However there's a range of tasks where a GUI file manager is just the right
tool for the job. I maintain OSX should have a proper file manager, regardless
how much Apple wants the Filesystem metaphor to die.

------
bloaf
I disagree. I believe there is a threshold level of performance beyond which
casual users cannot discern any improvement.

I believe that threshold for CPU performance is currently around a low/mid-
range i5. Getting a faster processor than that will not translate into any
tangible benefits in everyday usage. Even if there were a CPU that had twice
the performance of an i5, an end user can not tell the difference between
"practically instantaneous" and "1/2 practically instantaneous."

Likewise, there are limits to storage capacity.

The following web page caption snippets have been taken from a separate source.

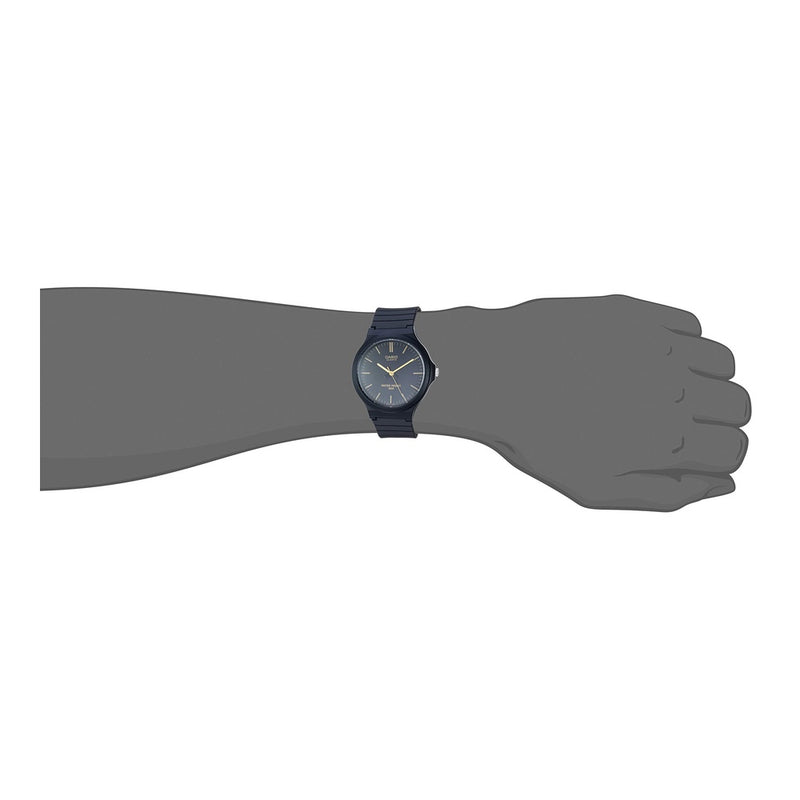 Casio MW240 Series, reloj de cuarzo para hombre con caja grande de resina, fácil de leer, resistente al agua, batería de 3 años
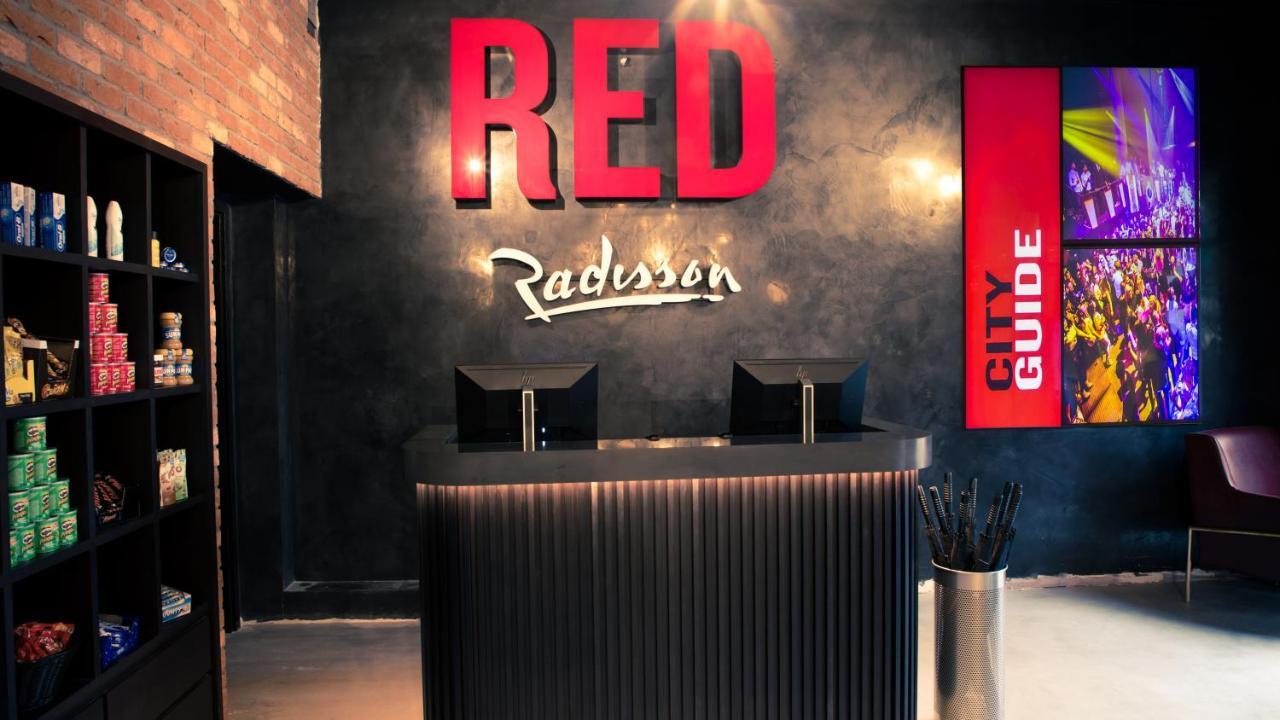 Radisson Red London Greenwich The O2 Екстериор снимка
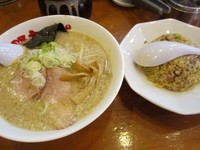 「ラーメン「こってり」＋半チャーハン　（ランチセット）　820」@野方ホープ 荻窪店の写真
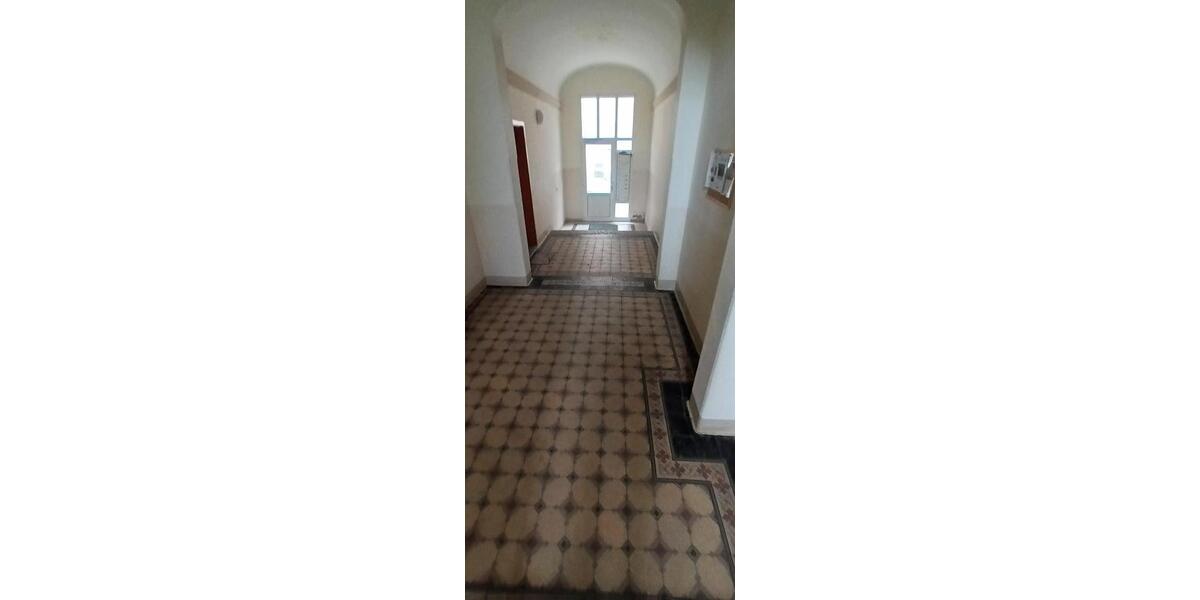 Dachgeschoßwohnung Plauen - 4 Zimmer, 87 m&sup2;, 480&euro; | Angebot:25144296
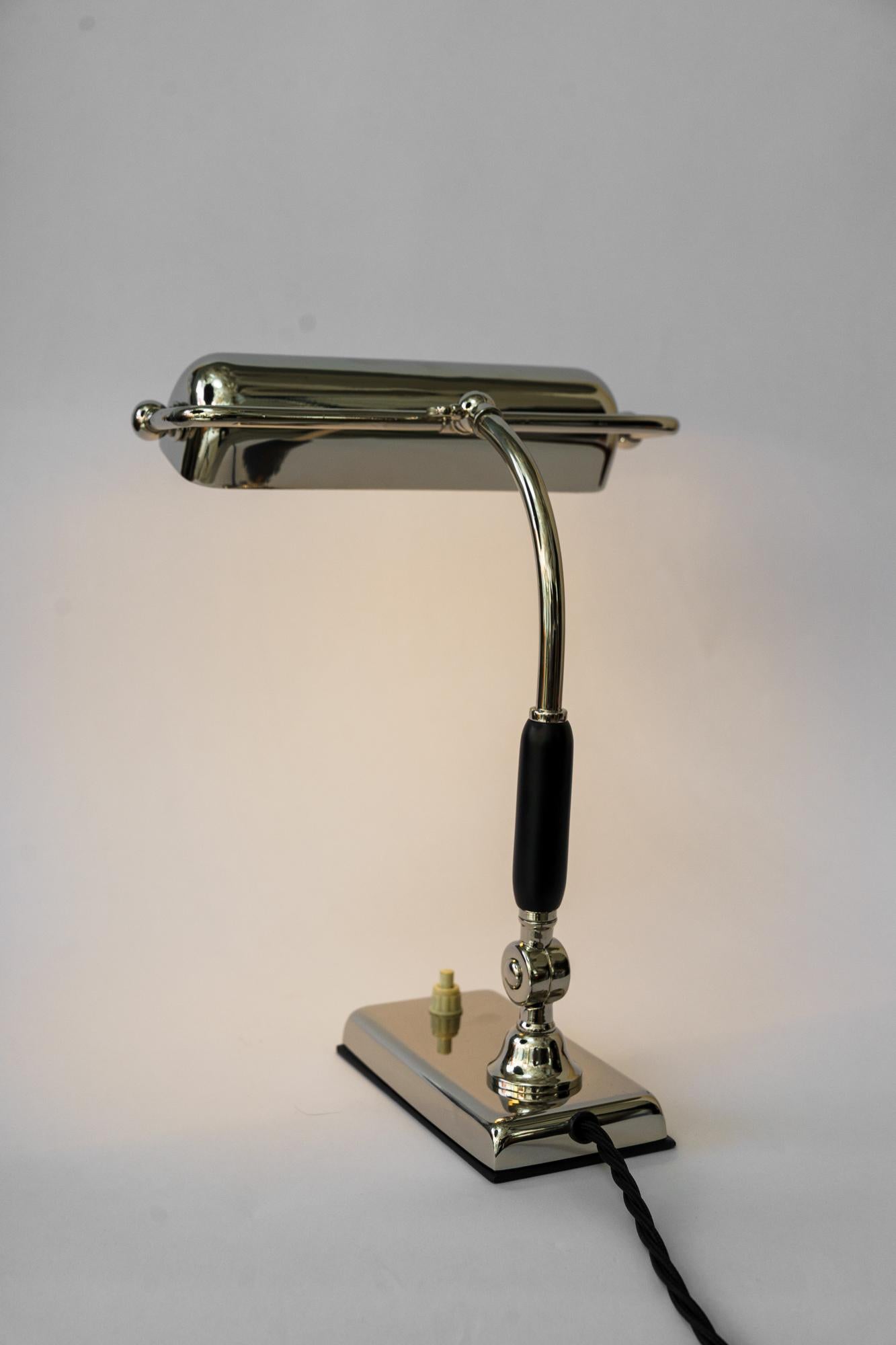 Petite lampe de bureau Art Déco pivotante « Nickel - Plated » Vienne vers les années 1920 en vente 10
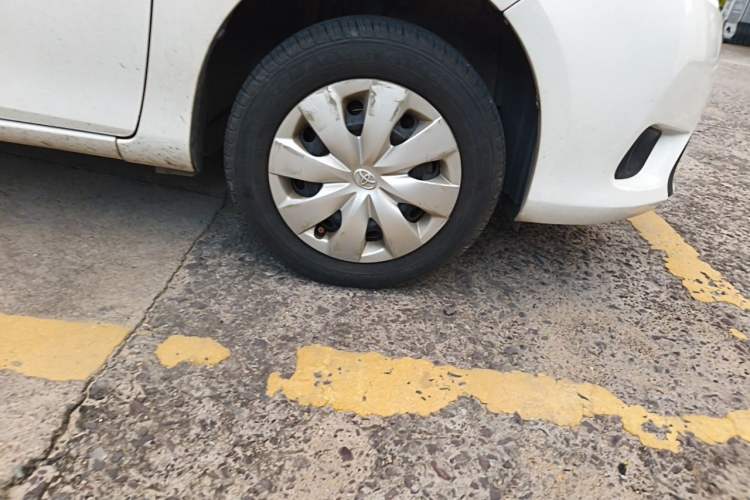 Used Toyota Vios 2014 1.3L Manual Xiang Edition Right Front Wheel Hub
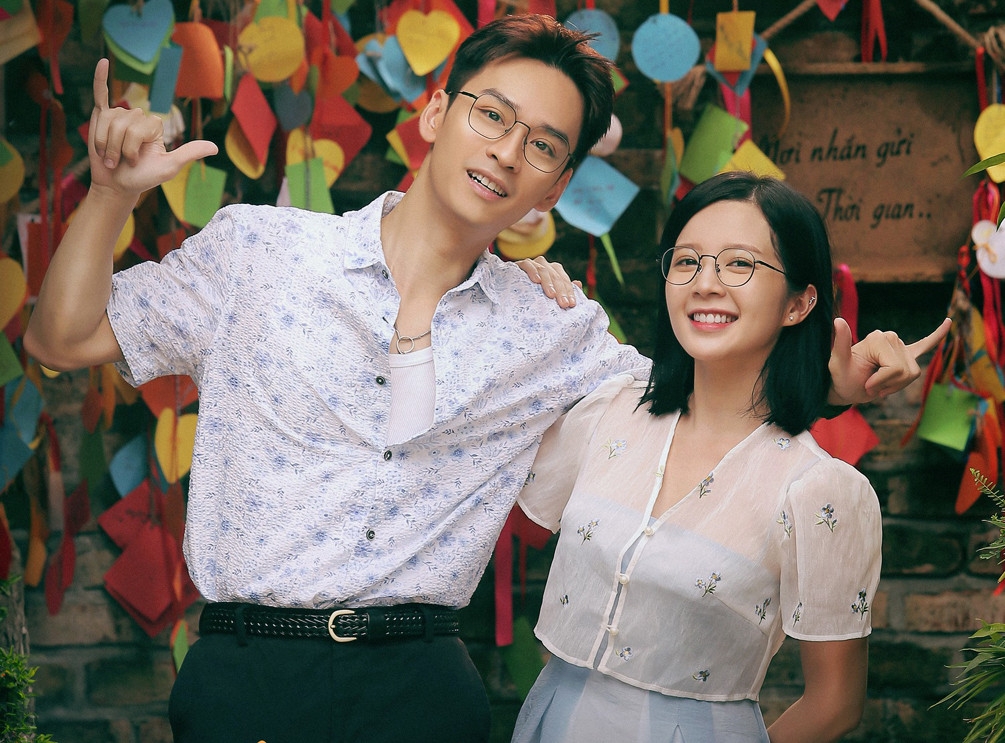 "Cha tôi, người ở lại" đánh dấu màn tái hợp của Ngọc Huyền và Trần Nghĩa sau "Chúng ta của 8 năm sau" phần 1 nhưng từ vai người yêu, họ chuyển sang đóng anh em.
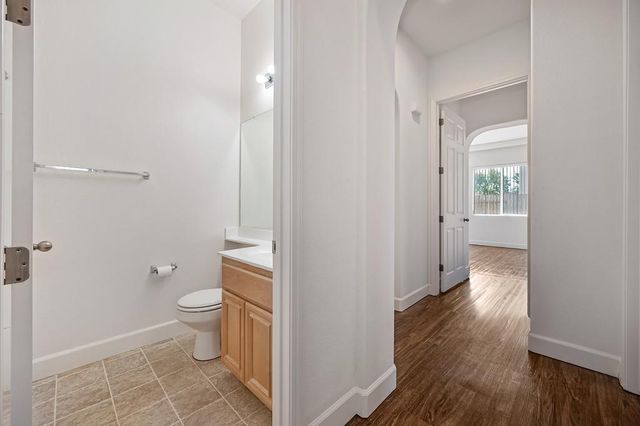 1700 Charm Way, Sacramento, CA 95835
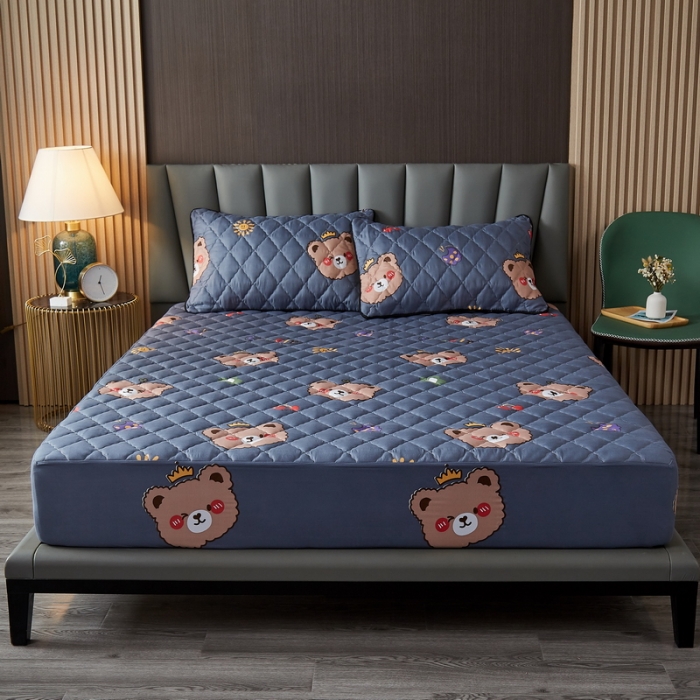 91家纺网 家纺一手货源 找家纺 花言狐语 2025新款水洗棉防水隔尿夹棉床笠 可爱小熊-灰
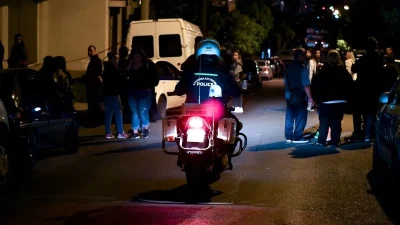 Ασύλληπτη τραγωδία στο Μοσχάτο - Εκτέλεσαν 41χρονο μπροστά στη γυναίκα του και το παιδί του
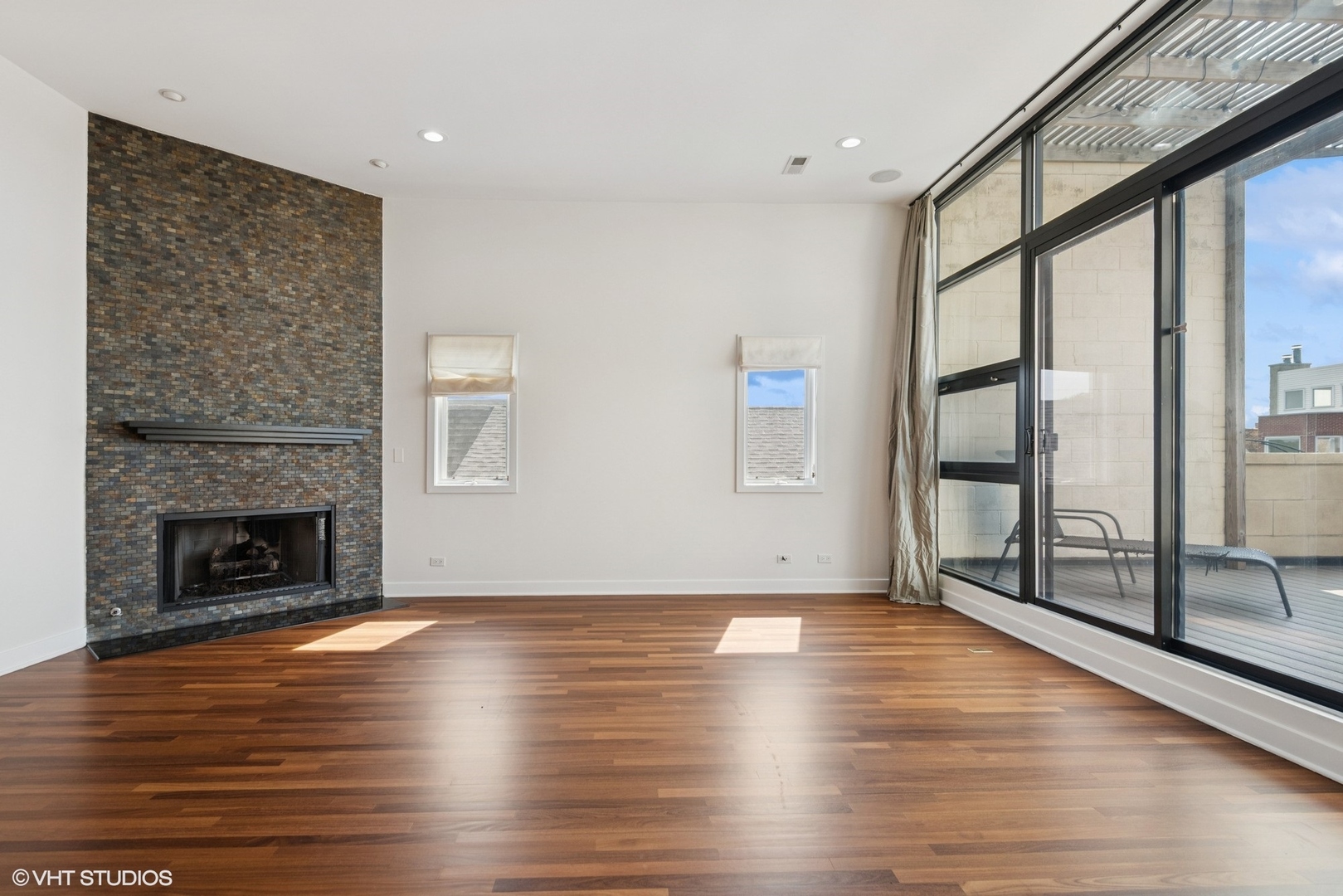 2136 W Armitage Avenue Unit: PH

My parents, for example, store
everything on a single 1TB hard disk. Their drive barely has 250GB used, OS
and all. At their current rate of consumption, they _might_ exceed 50% disk
use in 5 years. Now we could come up with cases where the computer user is a
photographer, a videographer, or likes to collect linux isos, but I believe in
most real "casual use" cases, anything >1TB (currently) may as well be
infinite.

Obviously there are also upper limits on what screen size a casual user would
be able to effectively utilize. We should note, of course, that many casual
users do not understand how to effectively manage windows between two
monitors. I think the coming increase in pixel density coupled with a medium
(say, 21 inch) monitor would provide a casual user with about as much screen
as they could effectively use.

Lastly, there are cost trade-offs for all these things. Consider home
internet. It is true that power users might be able to make do with internet
speeds that would frustrate casual users (e.g. using Opera Turbo or using a
data plan.) However, in my area for example, you would have to pay roughly 3x
as much to get a "performance" 25 Mbps package versus the entry level 3-5
Mbps. Would it make sense for someone to pay that much more for internet just
so that their youtube videos buffered faster?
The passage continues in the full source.